◆ **Records**:
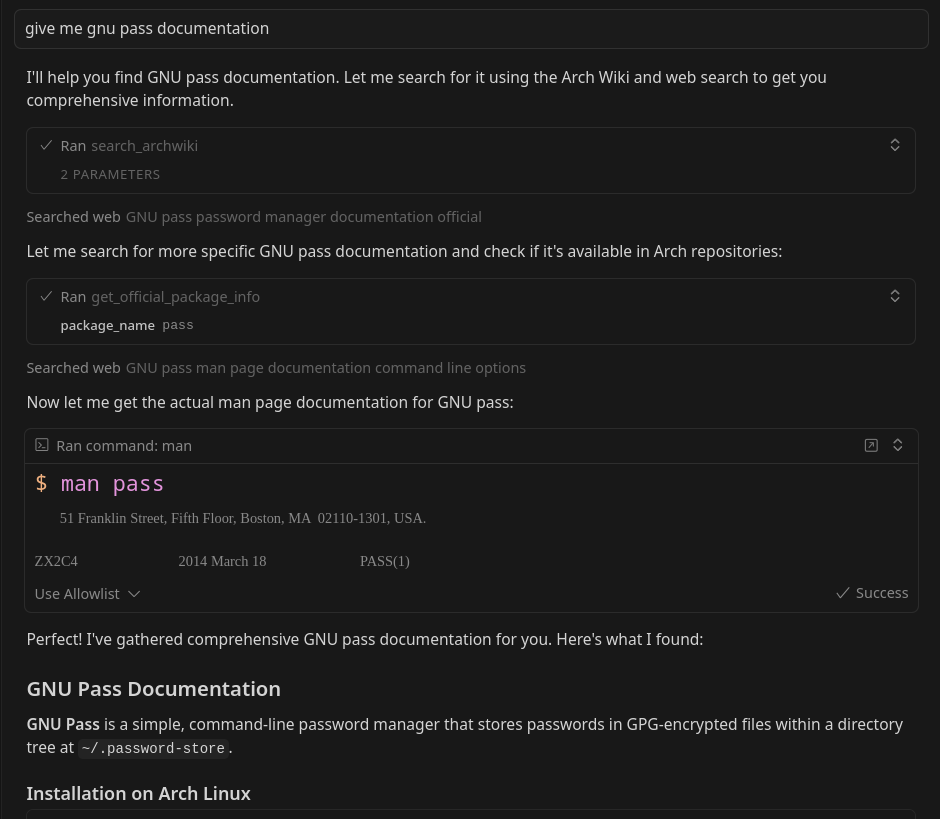 Arch Wiki documentation reading example showing comprehensive search workflow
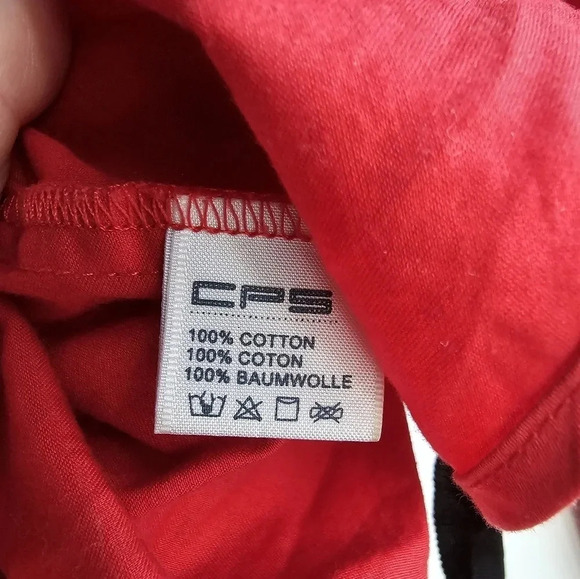 CPS Shirt Button Dress Poplin Cotton Red Raspberry Long Sleeve Short Back size M - Picture 5 of 7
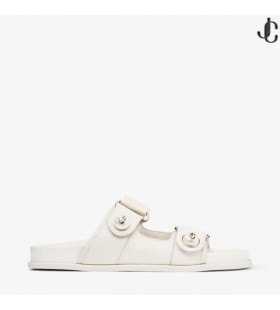 FAYENCE SANDAL Black Leather Flat Sandals with Pearl Embellishment Summer Collection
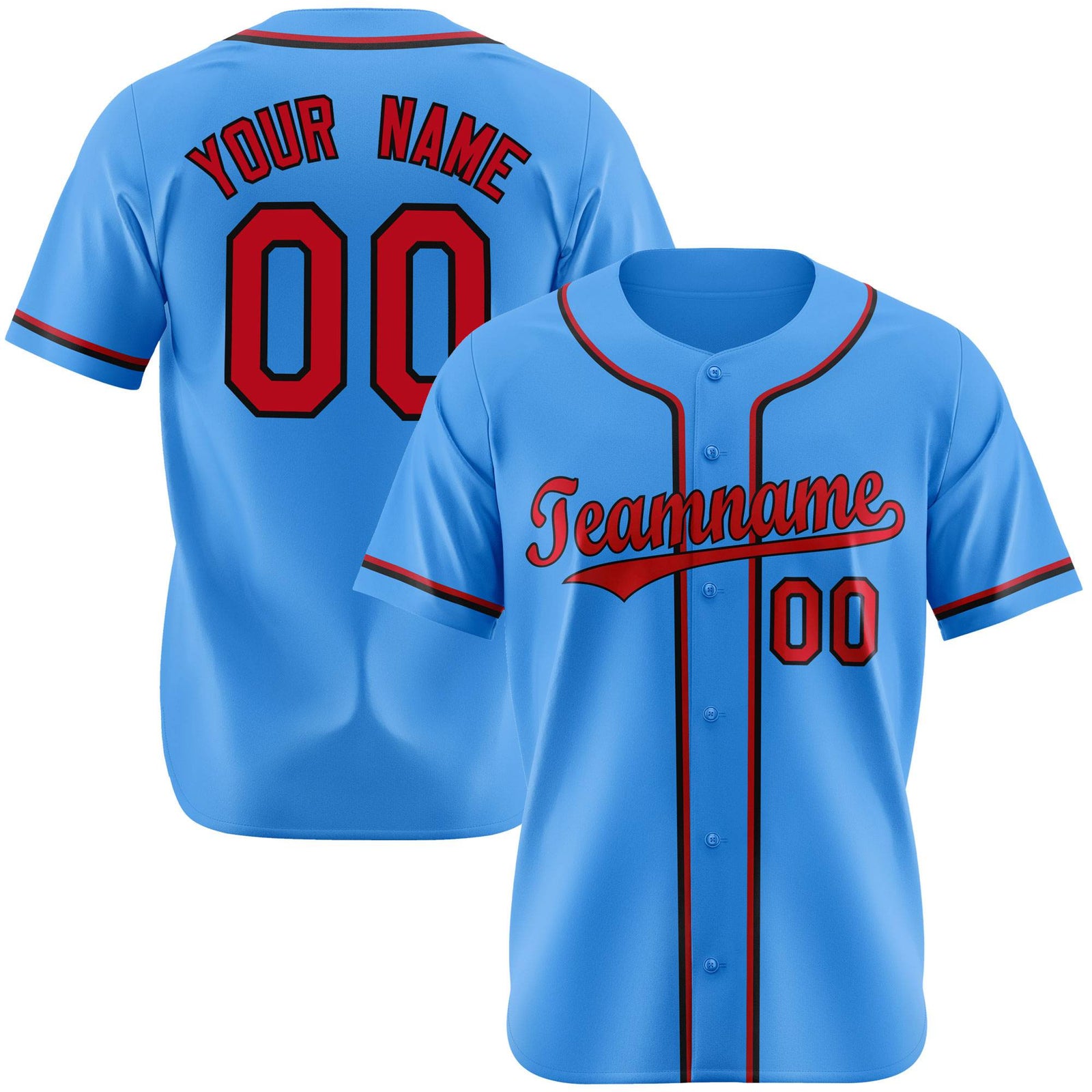 Custom Powder Blue Red Black Authentic Baseball Jersey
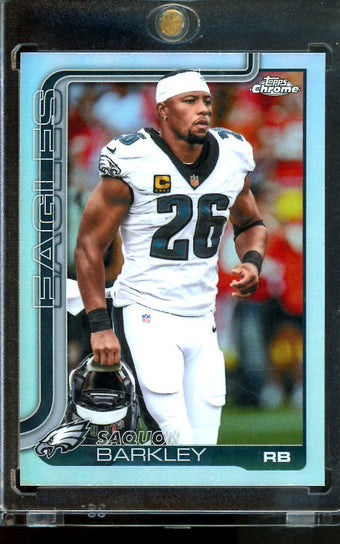 compare product 2025 Topps Chrome Saquon Barkley Image Variation Refractor #248 Eagles
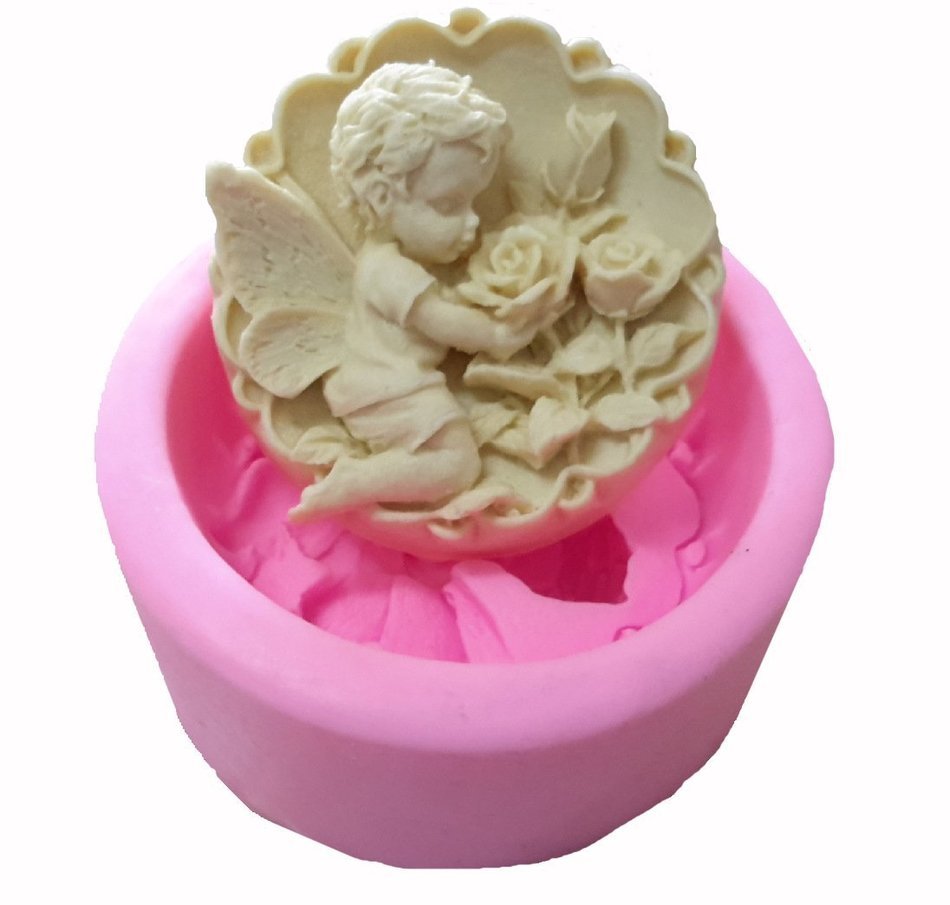 WYD Bush Angel Baby Mermaid Silicone Mold,Handmade Soap Mold,Cake Mold Decorating,Fondant Baking Mold N2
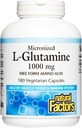 Doğal Faktörler, Mikronized L-Glutamine 1000 mg, Destekler Kaslar ve Immune Function, 180 Capsules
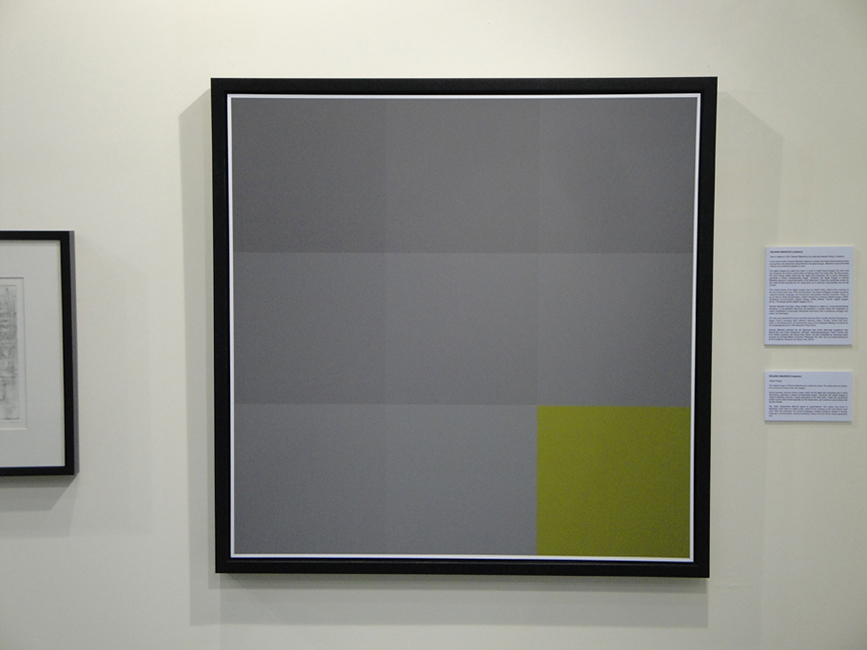 Photo from the exhibition, July 12, 2011, Exhibited work: 
- Title: abcdefghijklmnopqrstuvwxyz 
- Production date: 2011 
- Technique: Pigmented print on photo paper 
- 102,669 cm x 102,669 cm 
- Edition of 7 prints + 3 A.P.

◆ **Exercise prompt**: Please print the data above once more, exactly and without images.

◆ **Task output**:
 Arch Wiki documentation reading example showing comprehensive search workflow
 CPS Shirt Button Dress Poplin Cotton Red Raspberry Long Sleeve Short Back size M - Picture 5 of 7
 FAYENCE SANDAL Black Leather Flat Sandals with Pearl Embellishment Summer Collection
 Custom Powder Blue Red Black Authentic Baseball Jersey
 compare product 2025 Topps Chrome Saquon Barkley Image Variation Refractor #248 Eagles
 WYD Bush Angel Baby Mermaid Silicone Mold,Handmade Soap Mold,Cake Mold Decorating,Fondant Baking Mold N2
 Doğal Faktörler, Mikronized L-Glutamine 1000 mg, Destekler Kaslar ve Immune Function, 180 Capsules
 Photo from the exhibition, July 12, 2011, Exhibited work: 
- Title: abcdefghijklmnopqrstuvwxyz 
- Production date: 2011 
- Technique: Pigmented print on photo paper 
- 102,669 cm x 102,669 cm 
- Edition of 7 prints + 3 A.P.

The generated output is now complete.